◇ 『チャイルド・ファインダー 雪の少女』(原題:The Child Finder)
著者: レネ・デンフェルド(Rene Denfeld)
訳者: 細見 遥子 2019.10 東京創元社 刊
この小説は米国における子供の失踪事件がテーマである。
ナオミは「子供見付け屋(チャルドファインダー:行方不明子供捜し人)」と呼ばれている。
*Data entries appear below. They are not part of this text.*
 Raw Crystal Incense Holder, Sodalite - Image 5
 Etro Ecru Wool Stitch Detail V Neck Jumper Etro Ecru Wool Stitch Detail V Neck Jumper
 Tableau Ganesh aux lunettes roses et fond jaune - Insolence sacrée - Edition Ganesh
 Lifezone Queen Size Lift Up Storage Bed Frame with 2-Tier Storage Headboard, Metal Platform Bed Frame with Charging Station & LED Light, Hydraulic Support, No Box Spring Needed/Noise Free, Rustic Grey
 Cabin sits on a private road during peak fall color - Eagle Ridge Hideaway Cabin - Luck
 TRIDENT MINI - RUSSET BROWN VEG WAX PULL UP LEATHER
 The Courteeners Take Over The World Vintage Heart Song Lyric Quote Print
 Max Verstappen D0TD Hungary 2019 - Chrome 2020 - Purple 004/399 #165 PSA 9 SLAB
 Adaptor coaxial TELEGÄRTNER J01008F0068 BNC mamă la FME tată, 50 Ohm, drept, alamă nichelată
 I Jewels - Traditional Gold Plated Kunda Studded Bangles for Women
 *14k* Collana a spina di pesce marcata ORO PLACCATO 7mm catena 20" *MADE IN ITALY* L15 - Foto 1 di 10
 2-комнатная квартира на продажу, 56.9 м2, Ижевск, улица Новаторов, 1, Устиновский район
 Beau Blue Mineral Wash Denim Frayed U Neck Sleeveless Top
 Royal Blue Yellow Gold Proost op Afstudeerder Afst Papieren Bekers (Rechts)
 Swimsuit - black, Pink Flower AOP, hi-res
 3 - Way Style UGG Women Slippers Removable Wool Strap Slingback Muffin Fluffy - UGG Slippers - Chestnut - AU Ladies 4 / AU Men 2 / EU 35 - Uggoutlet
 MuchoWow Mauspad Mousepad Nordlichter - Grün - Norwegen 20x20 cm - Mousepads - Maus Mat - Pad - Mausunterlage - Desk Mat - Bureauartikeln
ナオミ自身も幼いころに妹と共に森の中の塹壕に囚われの身となった暗い記憶がある。塹壕か
ら逃げる際に妹を置き去りにしたことが後悔の塊となって苦しんでいる。ナオミは森の季節労
働者らに救われ、ミセス・コトルの養女となり、ジェロームというやはり養子の男の子と一緒
に成長する。そんな経緯から幼い子の行方不明者の発見を天命のように思っている。
この度の依頼は森にクリスマスツリー用の樅の木を採りに行った際に両親とはぐれて行方不
明になった5歳の少女マディソンを探しだすこと。あらゆる手を尽くして探し回り3年経ってし
まった。そして子供探し屋のナオミに辿り着いたのだ。
探し屋の仕事はうまく探し出せることがあるし、死んでいることが確認されるだけのことも
ある。また誘拐犯人に捜索を悟られて、次の日に子供が死体で発見されたこともあった。
ナオミは3年も経ってマディソンは死んでいるかもしれないが、絶対探し出したいと心に決め
る。
次いで洞窟の地下室に囚われたスノウガールと称する少女の語りになる。
スノウガールを捉えた男は洞窟の主。耳が聞こえず話ができない罠猟師(ミスター・Bと呼
んだ)。怒ると暴力を振るう。スノウガールは囚われる以前の記憶が全くない。しかしスノウ
ガールが想像の世界で作り上げたおとぎ話ではマディソンという少女が登場する。(小説とし
てはここがやや奇異に感ずるところであるが、最終壇でその趣旨<複雑性PTSD>が明らかに
なる)
スノウガールの囚われの日々、罠猟師との無言の対決とマディソンを探すナオミの探索過程が
交互に語られる。つまり探す側の大人の様子だけではなく囚われた子供の心理が巧みに捉えられ
ているのが本書の特徴である。
マディソンが姿を消した森はナオミやジェロームが養子として育った地に近い。ナオミは森林
監視事務所のレンジャー・デイブと一緒に、入植者の小屋や怪しげな過去を持つ男、最近不自然
な買い物をした人物などを調べ上げ、ようやく渓谷の洞窟に潜む犯人に迫る。
ところが犯人の罠猟師はナオミらの急迫を察知し、罠を仕掛けてナオミやレンジャー・デイブ
を殺そうとするが逆にスノウガールの手によって死んだ。スノウガール:マディソンは両親の下
に帰った。
実はこの罠猟師は少年時代の頃、或る罠猟師に誘拐され森の中で虐待を受けながら育てられた
過去があった。
またナオミは養子同士のジェロームとの間に恋愛感情が芽生えていたが、自分の過去を思い、
正面から向かい合うことができなかったが、粘り強いジェロームがその束縛から解放してくれ
て二人は心身ともに強く結ばれた。
ナオミは世界の悲しみの側を歩いてきて夜明けを見た人々の一人である。
次作の、やはりナオミが主人公である『The Butterfrly Girl』の邦訳出版が楽しみである。